Perpleja, incapaz de comprender, Índigo se aferró con desesperación a la servidumbre de la música. Habían franqueado la barrera; habían roto el hechizo del mundo diabólico e impuesto su propia realidad. ¡Ahora no debían dejar que se les escapara!

Entonces, a través de unos ojos nublados por las lágrimas que no podía controlar, vio que el paisaje nocturno empezaba a transformarse a su alrededor.

Allí donde no había habido más que un páramo negro y estéril, empezaba a tomar forma un nuevo paisaje. Vislumbró árboles, sus hojas agitadas como por una brisa caprichosa, fantasmales aún pero volviéndose cada vez más nítidos y tangibles. Vio el destello de una corriente de agua, y más allá una perspectiva de lejanos y elevados riscos, que se recortaban negros sobre la bóveda color hojalata del cielo y estaban cubiertos de matorrales y protuberancias rocosas. Divisó un sendero, que serpenteaba por entre los riscos, emitiendo un leve resplandor como si su fosforescencia fuera una guía para el viajero...

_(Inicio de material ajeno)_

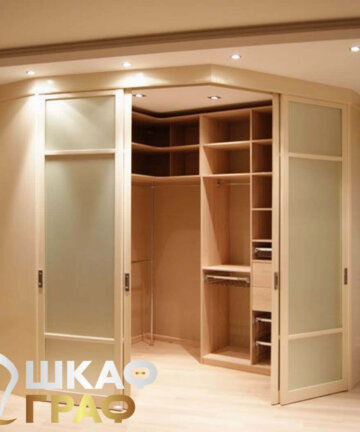 Угловая гардеробная цвета дерева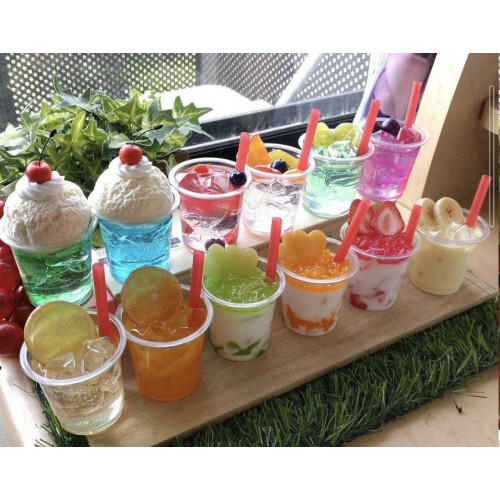 Melon cream soda, etc. Fake drinks Fake sweets Food samples Melon cream soda, etc. Fake drinks Fake sweets Food samples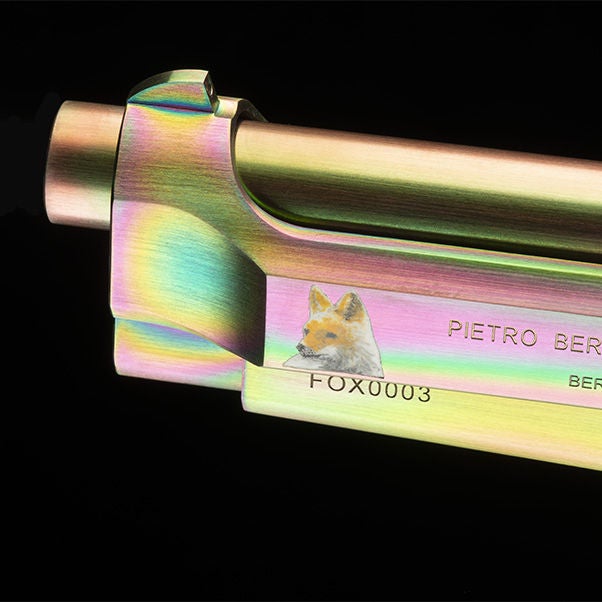 レア★INFINITA サドル ピンク　グラフィックデザイン　デッドストック 92 Fusion FOX: careful design study aimed at creating the perfect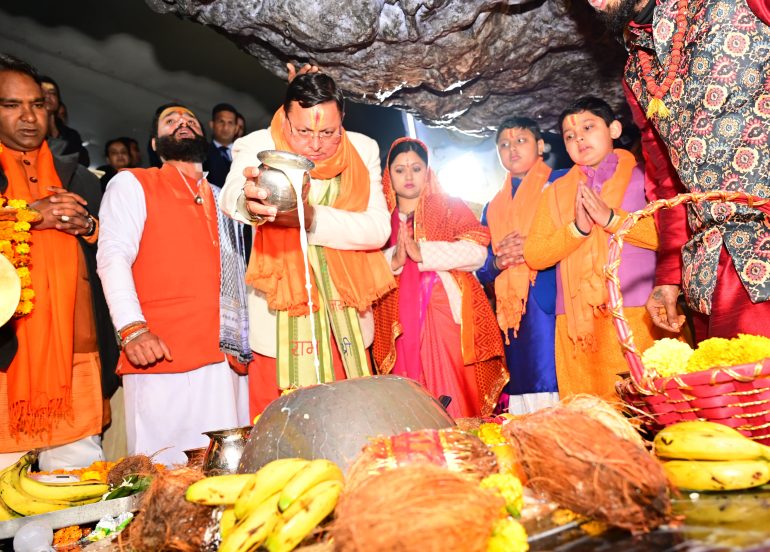 मुख्यमंत्री ने टपकेश्वर मंदिर में सपरिवार पूजा-अर्चना और यज्ञ किया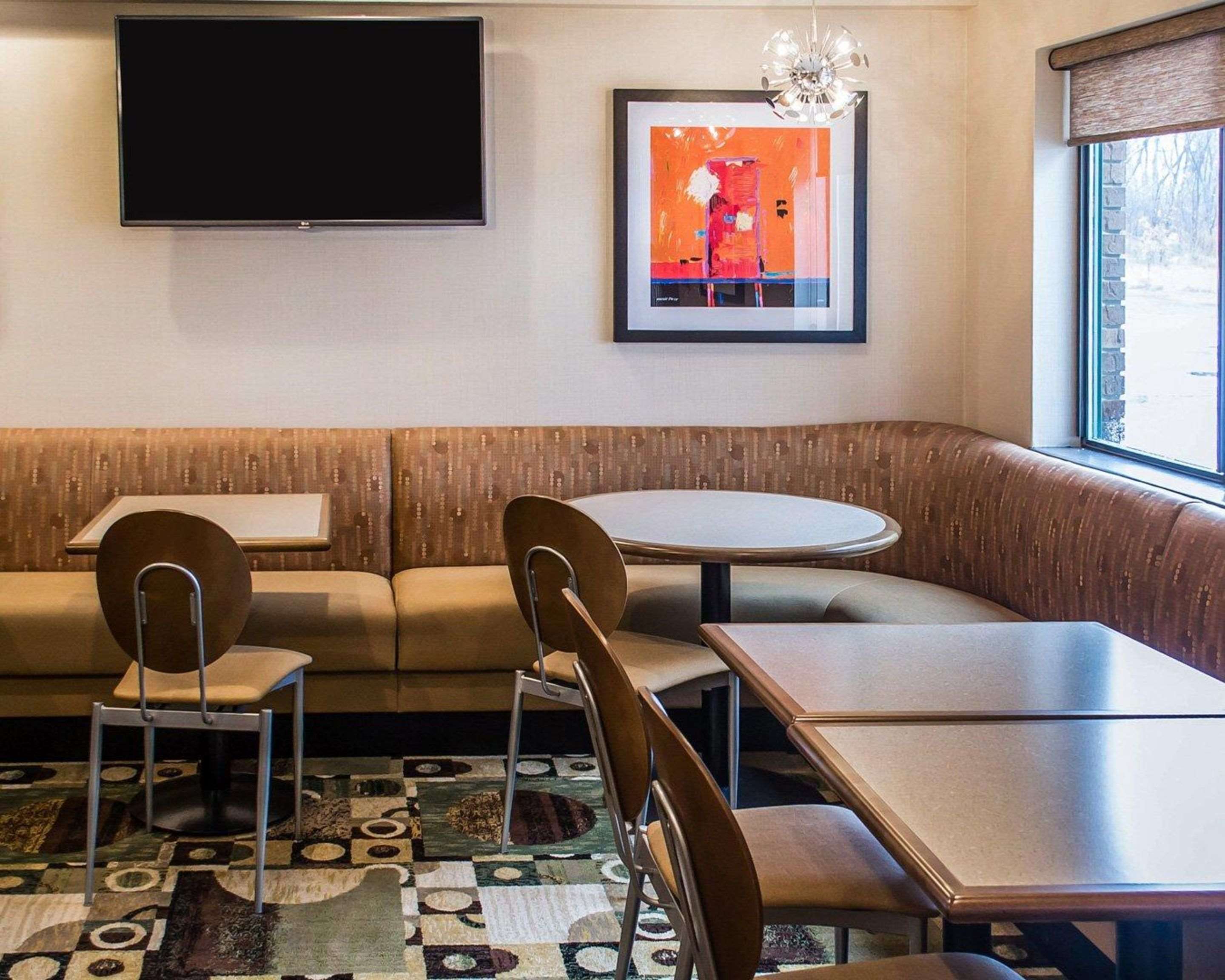 Breakfast area | Quality Inn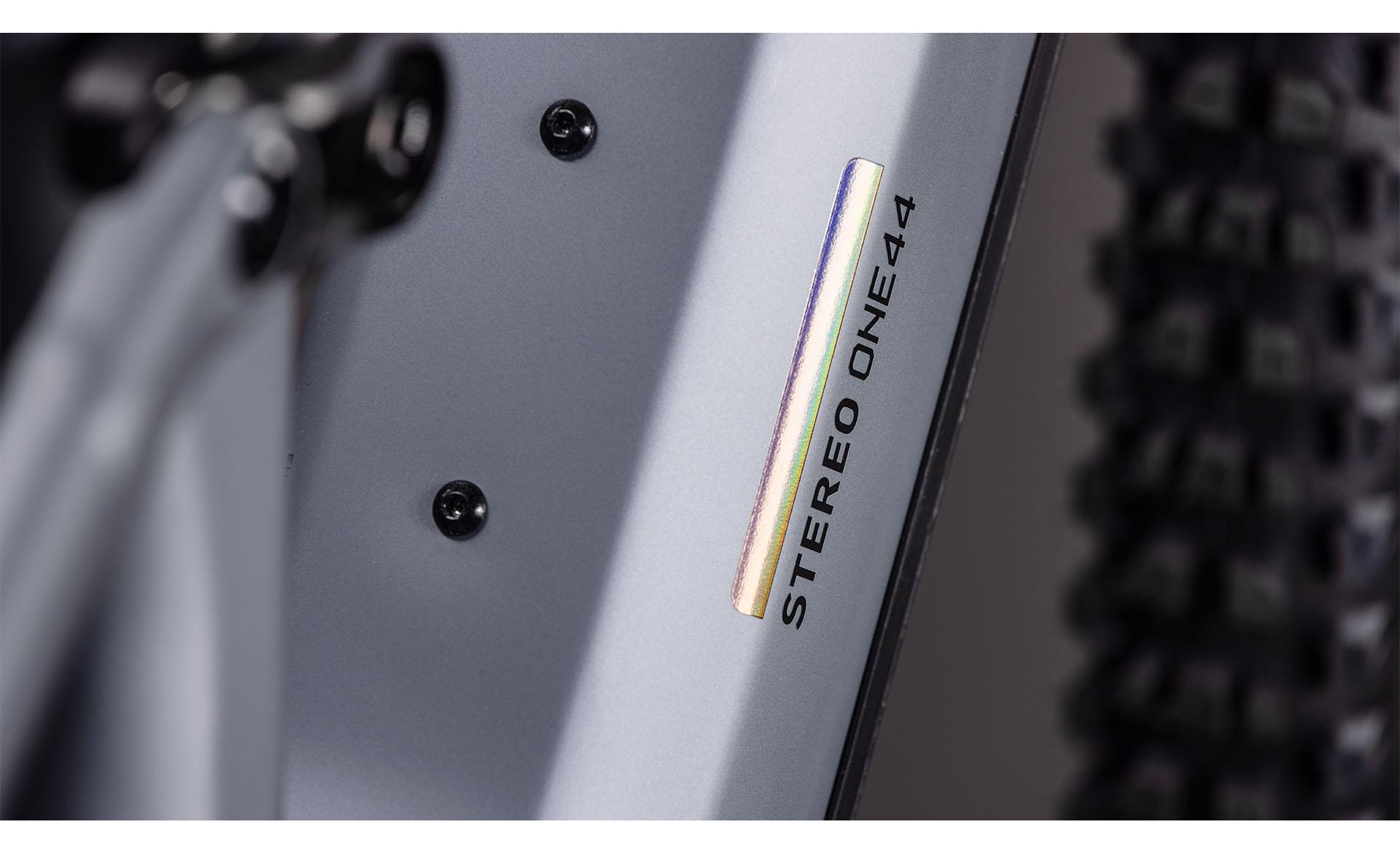 Stereo Hybrid ONE44 HPC SLX Evo 800.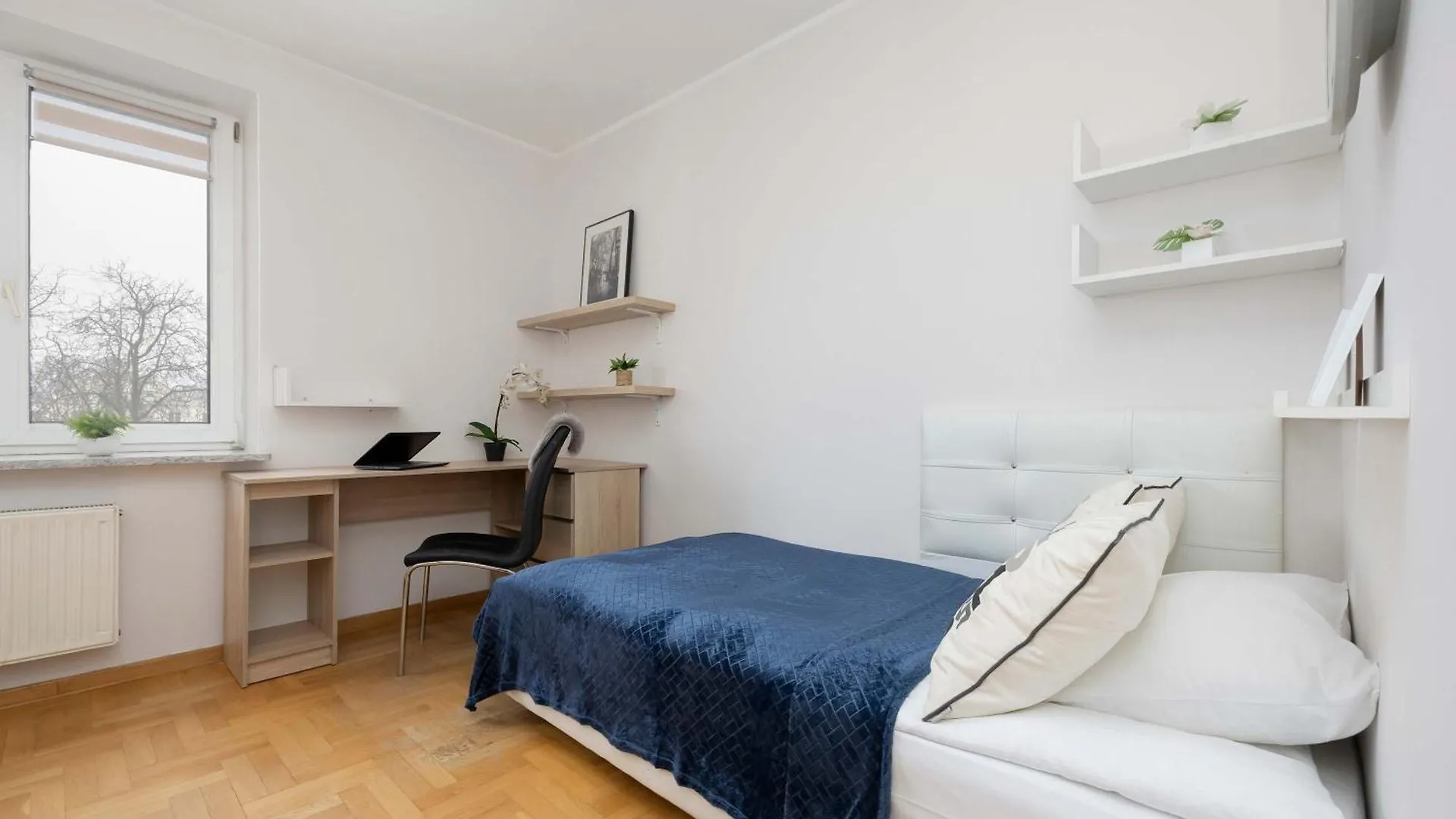 Spacious 4-Bedroom Apartment By Noclegi Renters Warschau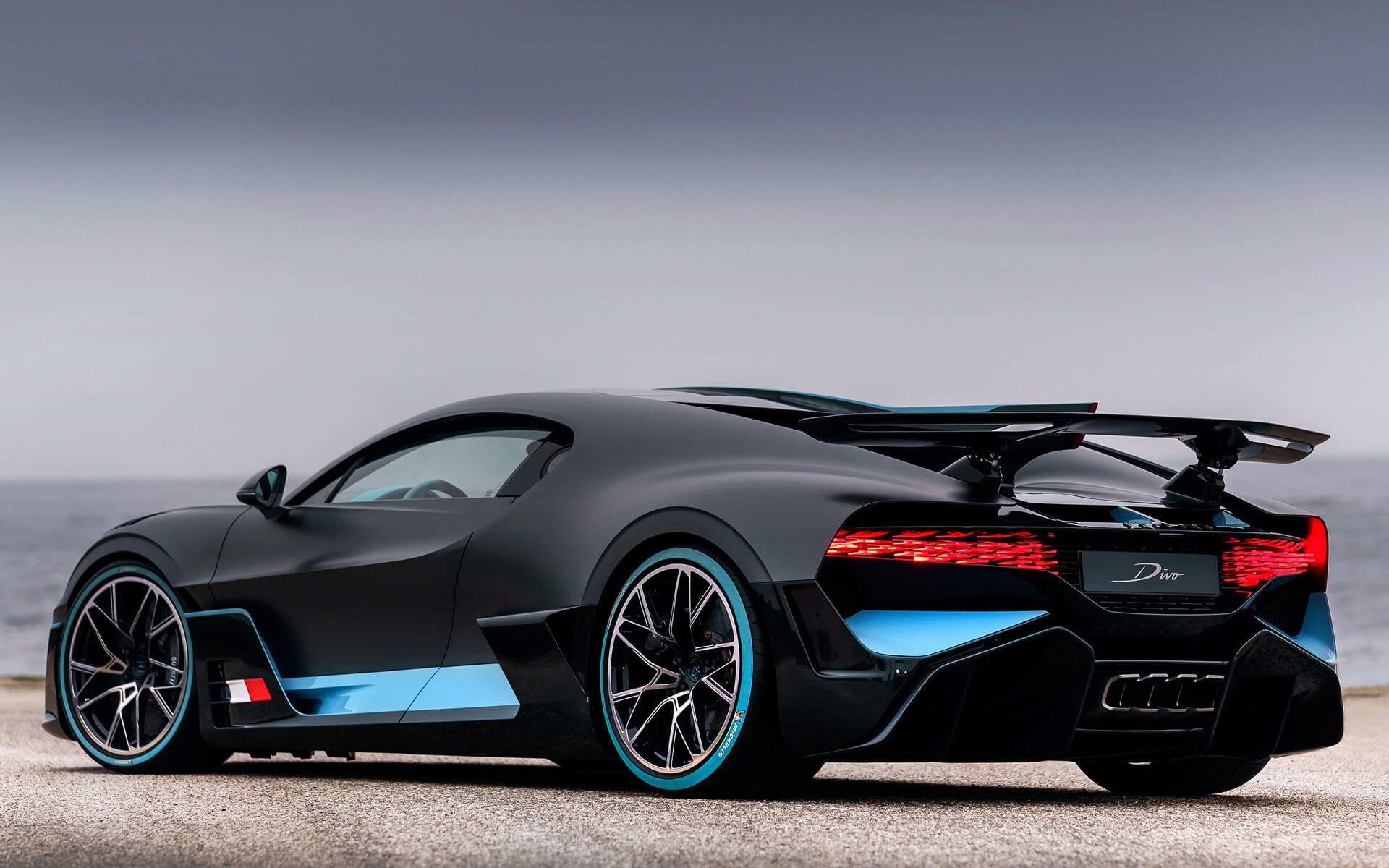 Wallpaper #14FC3 Bugatti Divo Un Chiron Tuneado De 5 Millones De Euros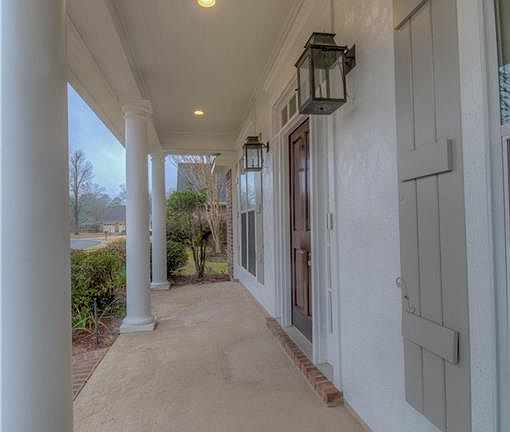 5th image of 511 Grand Oaks Dr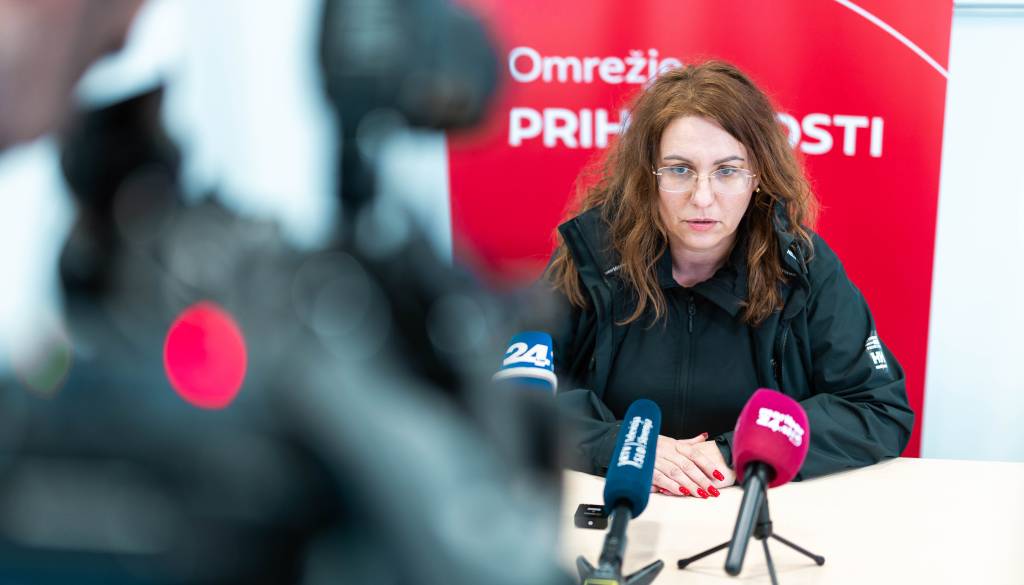 2500 gospodinjstev še vedno brez elektrike, v Kamnici pa je počilo – krajan nagnal delavce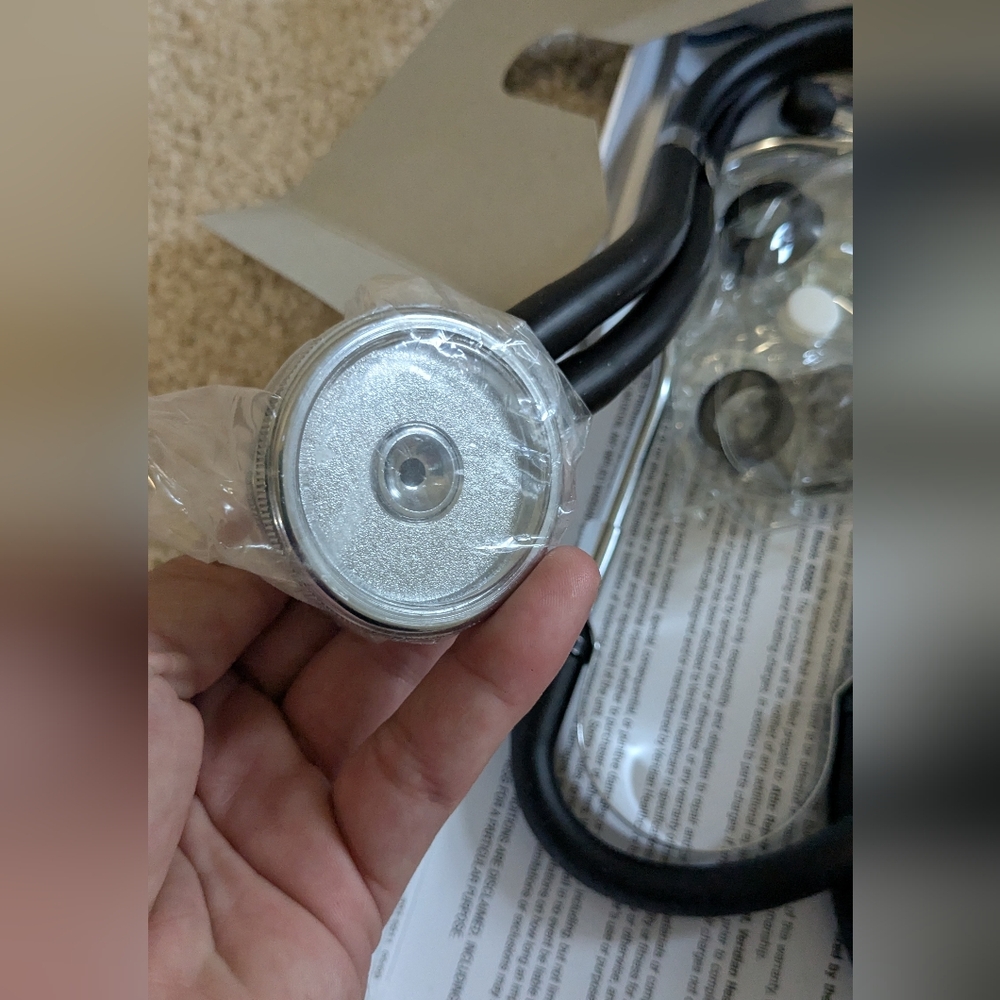 Nurses Stethoscope - Picture 6 of 11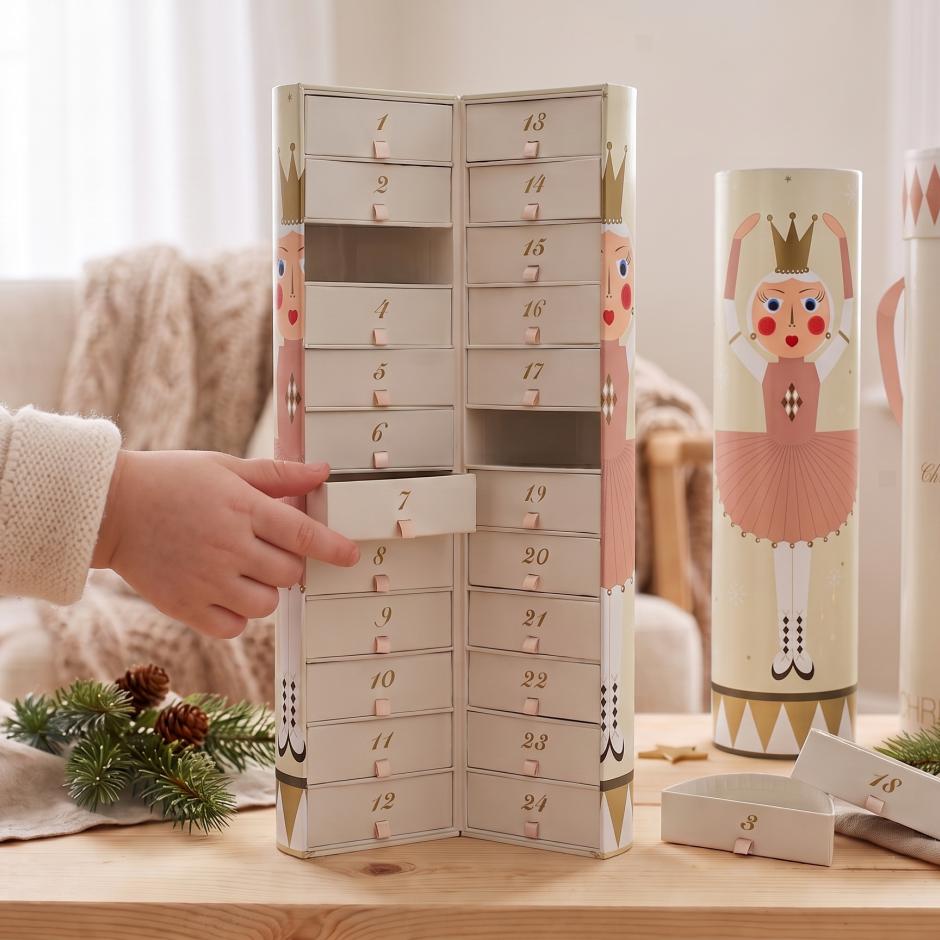 CHRISTMAS CALENDAR Ballerina in a hat box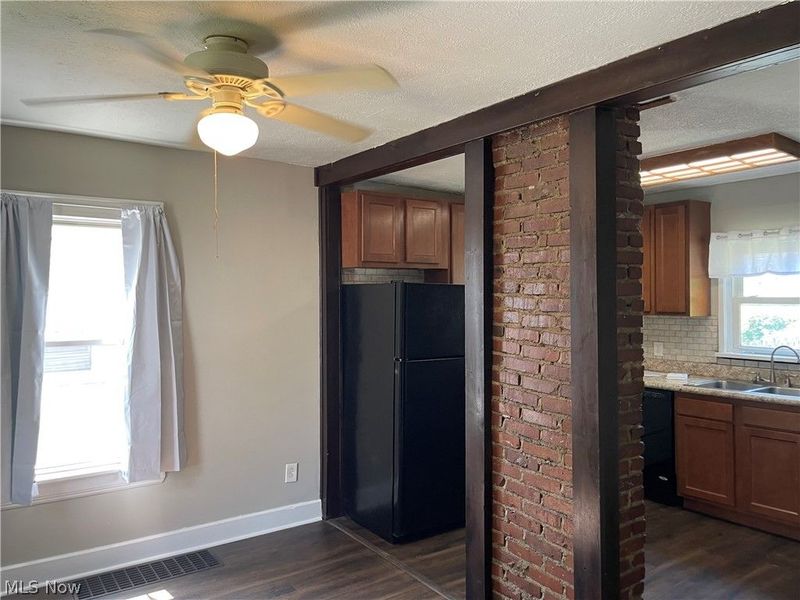 1254 Wilbur Avenue, Akron, OH 44301 Photo 6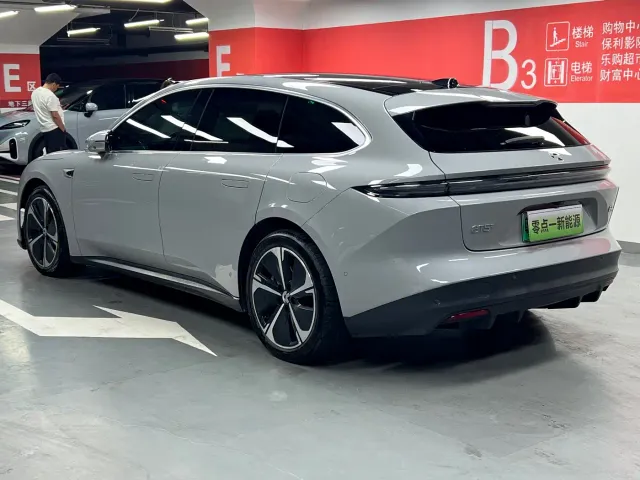 Nio ET5 Touring — Фото автомобиля 7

Muy despacio, sin dejar de tocar el arpa acomodada en el pliegue del brazo, Índigo se puso en pie. Al hacerlo, un soplo de aire fresco le azotó el rostro, y su nariz aspiró con fuerza al percibir un olor agridulce como de flores marchitas. Fran, alertado por su movimiento, abrió los ojos; la brusca rigidez de sus hombros confirmó que también él se había dado cuenta de la transformación operada, pero tuvo la presencia de ánimo de seguir tocando la flauta.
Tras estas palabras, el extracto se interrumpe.